Parks is currently looking for a children’s book author and a short story writer.
Tom Parks has been a writer and an educator and now a television host. “In Search of the West Texas Wordsmith” will begin airing at 3 p.m. on Saturdays starting May 4.
The interview show will be filmed at the Hotel Settles in Big Spring and feature Parks interviewing local poets, novelists, short story writers, and songwriters. Produced in cooperation with Kathryn Copeland of the Permian Basin Poetry Society, the show is directed by award-winning filmmaker James Fite.
The idea came from watching “Central Texas Gardener” every Saturday at noon, Parks told the Odessa American. ‘“It’s out of Austin and it’s on PBS. I’ve enjoyed watching it and I thought, ‘What about West Texas?’ We don’t have that many gardens as they have in Austin,” Parks said. However, Parks said he knew of at least three strong, active writers’ organizations. “So I thought ... that would be a good topic ... to interview a different writer every week, so I ... pursued it from there and went to the Marie Hall Foundation for possible funding,” Parks said.
The foundation was interested in the show. Parks applied and was funded for $20,000. “It’s a good strong start that will pay for thirteen weekly episodes, which is sort of a season in television. We’re hoping to get funding for thirteen more,” Parks said.
The executive director of Basin PBS television, Laura Wolf, has viewed the pilot episode and committed to broadcasting the entire series on weekends. She commented that the series is likely to be picked up by PBS stations in El Paso and other locales around Texas. The current estimate of Basin PBS viewership is 340,000 weekly.
Parks’s first interview is with Gardendale novelist Ann Swann.
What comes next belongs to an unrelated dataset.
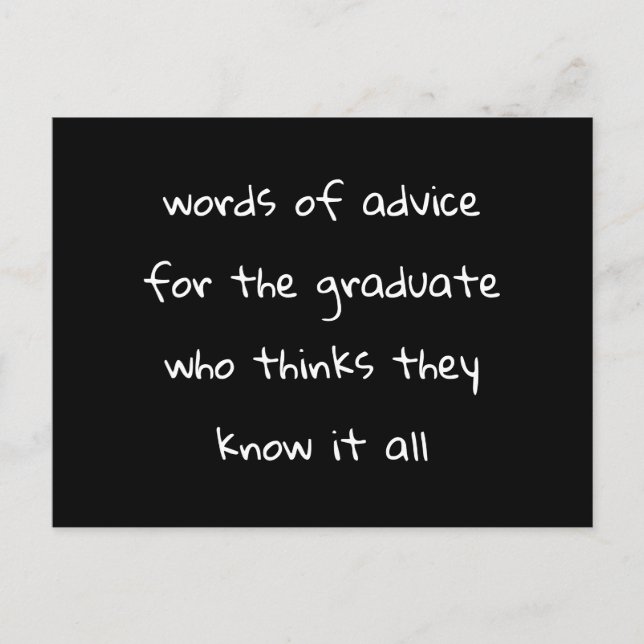 Advice Card For The Graduate Party Funny (Front)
Swann said the fourth book in her Phantoms series, Stevie-Girl and the Phantom of Forever, was released this week by 5 Prince Books. She said it’s a “clean, teen read.”
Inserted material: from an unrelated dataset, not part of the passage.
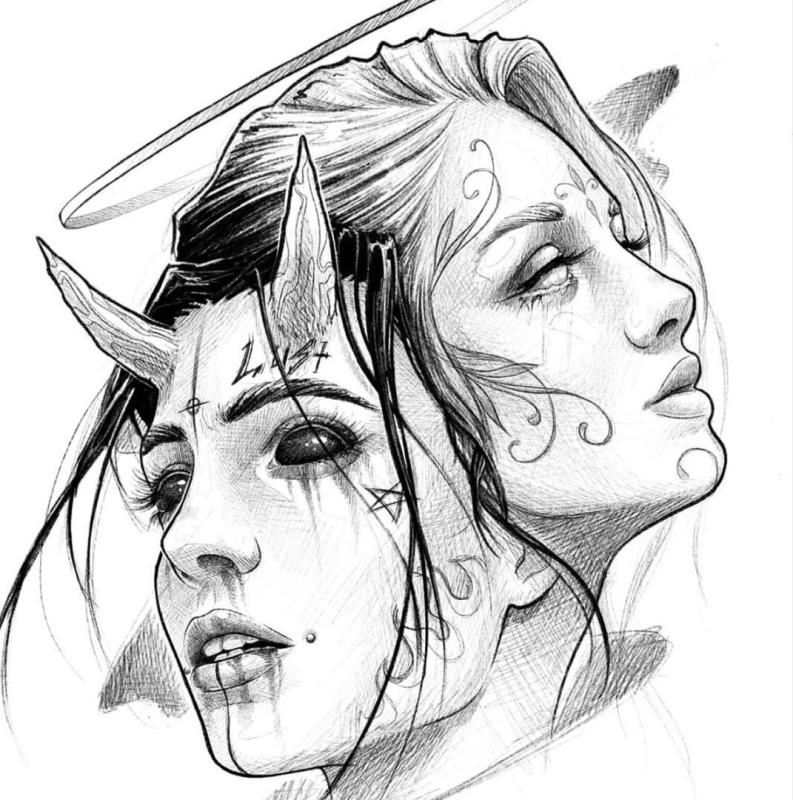 Тату раздвоение личности эскиз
Other interviews Parks has lined up include songwriter Harry Nutter; poet Loretta Diane Walker; non-fiction and fiction author Glen Aaron; science fiction writer Joshua Simpson; writer, journalist, editor, and publisher Mark McDonald; self-help counseling writer Stephanie Moses; and Copeland, an activist and advocate of the arts.
When the process for the show started, Basin PBS didn’t have a studio. They got one, but it was under construction, so Parks said he wrote a letter to the owner of the Hotel Settles and asked him if they could do all the filming there and give the owner credit at the end. The owner thought it would be a good swap and Parks said it’s worked very well. “They’ve been totally cooperative,” he said.
“We are looking for West Texas writers to interview on camera in every genre,” said series host Tom Parks, “including novelists, poets, songwriters, journalists, playwrights, screen writers – fiction and non-fiction.” He’s currently looking for a children’s book author and short story writer.